Fast continuous collision detection among deformable models using graphics processors

Abstract

We present an interactive algorithm to perform continuous collision detection between general deformable models using graphics processors (GPUs). We model the motion of each object in the environment as a continuous path and check for collisions along the paths. Our algorithm precomputes the chromatic decomposition for each object and uses visibility queries on GPUs to quickly compute potentially colliding sets of primitives. We introduce a primitive classification technique to perform efficient continuous self-collision. We have implemented our algorithm on a 3.0 GHz Pentium IV PC with a NVIDIA 7800 GPU, and we highlight its performance on complex simulations composed of several thousands of triangles. In practice, our algorithm is able to detect all contacts, including self-collisions, at image-space precision in tens of milli-seconds.

Introduction

The problem of collision detection (CD) arises in modeling, simulation and interaction for many different areas, including virtual reality (VR), cloth simulation, haptic rendering, animation, rapid prototyping, CAD/CAM, robotics, and entertainment.

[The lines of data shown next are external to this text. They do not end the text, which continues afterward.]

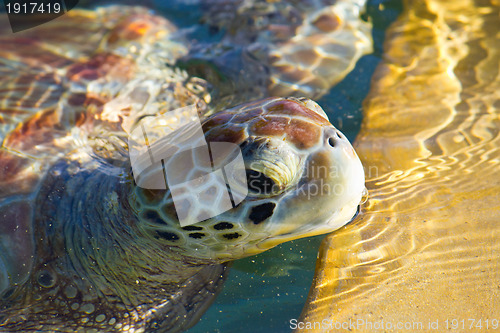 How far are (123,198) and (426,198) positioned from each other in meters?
1.38

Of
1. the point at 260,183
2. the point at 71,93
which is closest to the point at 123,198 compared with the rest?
the point at 260,183

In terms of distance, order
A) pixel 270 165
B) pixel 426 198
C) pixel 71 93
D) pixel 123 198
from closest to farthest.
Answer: pixel 270 165 < pixel 123 198 < pixel 426 198 < pixel 71 93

In this paper, we primarily focus on CD over a given time period between deformable objects that includes inter-object collisions between disjoint objects and intra-object collisions (or self-collisions) within each deformable model. Most of the earlier work in CD has been restricted to CD at discrete time instances and these algorithms may not check for possible overlaps between successive time steps. As a result, it is possible to miss a collision and result in visual artifacts, inconsistent state, or incorrect simulation that can significantly affect the sense of immersion and lead to break in presence (BIP) in a virtual environment (VE). Such problems can be especially challenging in environments composed of thin or fast moving objects, like cloth on virtual avatars.

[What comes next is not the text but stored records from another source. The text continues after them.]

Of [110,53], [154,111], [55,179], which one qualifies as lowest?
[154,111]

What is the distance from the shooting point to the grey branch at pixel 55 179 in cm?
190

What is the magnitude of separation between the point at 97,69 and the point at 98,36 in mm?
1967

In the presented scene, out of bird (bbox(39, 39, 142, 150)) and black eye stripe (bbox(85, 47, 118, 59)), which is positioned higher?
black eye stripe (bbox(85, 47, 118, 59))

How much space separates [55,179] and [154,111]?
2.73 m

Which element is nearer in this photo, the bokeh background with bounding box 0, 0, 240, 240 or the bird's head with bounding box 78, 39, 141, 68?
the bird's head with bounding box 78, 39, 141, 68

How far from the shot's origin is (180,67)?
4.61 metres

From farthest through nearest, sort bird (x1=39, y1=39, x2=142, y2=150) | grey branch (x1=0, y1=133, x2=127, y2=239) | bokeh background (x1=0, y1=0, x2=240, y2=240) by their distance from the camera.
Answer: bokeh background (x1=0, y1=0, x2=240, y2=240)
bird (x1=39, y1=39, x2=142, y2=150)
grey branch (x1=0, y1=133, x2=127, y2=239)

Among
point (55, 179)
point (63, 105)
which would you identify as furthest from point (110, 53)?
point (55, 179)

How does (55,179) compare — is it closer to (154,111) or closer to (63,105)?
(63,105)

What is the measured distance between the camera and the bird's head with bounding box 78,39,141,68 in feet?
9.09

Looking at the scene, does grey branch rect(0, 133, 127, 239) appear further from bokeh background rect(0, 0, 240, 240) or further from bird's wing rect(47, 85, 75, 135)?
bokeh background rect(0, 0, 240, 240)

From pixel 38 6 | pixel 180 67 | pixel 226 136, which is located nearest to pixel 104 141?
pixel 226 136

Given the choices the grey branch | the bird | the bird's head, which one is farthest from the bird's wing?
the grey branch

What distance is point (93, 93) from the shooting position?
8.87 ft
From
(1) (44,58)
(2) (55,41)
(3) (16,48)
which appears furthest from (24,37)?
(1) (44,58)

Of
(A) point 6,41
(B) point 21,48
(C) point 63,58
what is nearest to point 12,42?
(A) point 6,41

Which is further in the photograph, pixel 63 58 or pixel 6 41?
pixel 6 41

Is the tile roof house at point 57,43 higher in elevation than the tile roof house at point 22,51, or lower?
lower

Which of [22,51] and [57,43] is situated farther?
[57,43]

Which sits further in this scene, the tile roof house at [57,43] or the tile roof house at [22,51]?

In order to overcome the limitations of discrete CD algorithms, different techniques have been proposed that model the motion between successive time instances as a continuous path and check for collisions along these paths. These are classified as continuous collision detection (CCD) algorithms [1], [2], [3], [4], [5]. However, current CCD algorithms are only able to handle rigid objects, articulated models, or simple deformable meshes (consisting of only a few hundreds of polygons) at interactive rates.

Main results: We present a novel algorithm to perform CCD between general deformable models at interactive rates using commodity graphics processing units (GPUs). Our approach is general and makes no assumption about object motion. Each object is represented as a triangulated mesh and we assume that the mesh connectivity does not change during the simulation. We model the continuous motion using a piecewise linear motion between successive discrete instances and check for collisions between the resulting swept volumes (SVs).

Our algorithm precomputes an improved chromatic decomposition [6] for each object and decomposes the problem into checking for overlap between adjacent and non-adjacent primitives. We extend the Quick-CULLIDE collision culling algorithm [7], which performs collisions at discrete time instances, to check for collisions between the SVs of non-adjacent primitives. In order to achieve high-culling efficiency, we classify the adjacent primitives into vertex-adjacent and edge-adjacent primitives. We pair the edge-adjacent primitives to reduce the number of penetrating contacts, as well as lowering the number of pairwise tests. Based on this decomposition, our algorithm directly checks for inter- and intra-object collisions and does not need to perform any special processing. The overall accuracy of our algorithm is governed by image-space resolution used to perform visibility queries (or 2.5D overlap tests) on the GPUs.

We have implemented the algorithm on a 3.0 GHz PC with a NVIDIA 7800 GPU and applied to complex cloth simulation benchmarks consisting of thousands of triangles. We are able to check for all collisions between the discrete time instances at 10–15 frames per second at $1000\times 1000$ image-space resolution, enabling real-time CCD for high-resolution deformable meshes with challenging contact scenarios in VEs. As compared to earlier work [6], [7], our approach offers the following advantages:

• High culling efficiency using tight bounding SV representations for the mesh primitives.

• Interactive performance using an improved mesh decomposition scheme and a novel primitive classification technique, resulting in fewer false positives.

Organization: The rest of the paper is organized as follows. In Section 2, we briefly review the prior work on CCD and GPU-based CD algorithms. We give an overview of our approach in Section 3 and describe our primitive classification scheme. We present our algorithm in Section 4 and describe its implementation and performance on complex benchmarks in Section 5. We analyze its performance in Section 6 and highlight some of its limitations.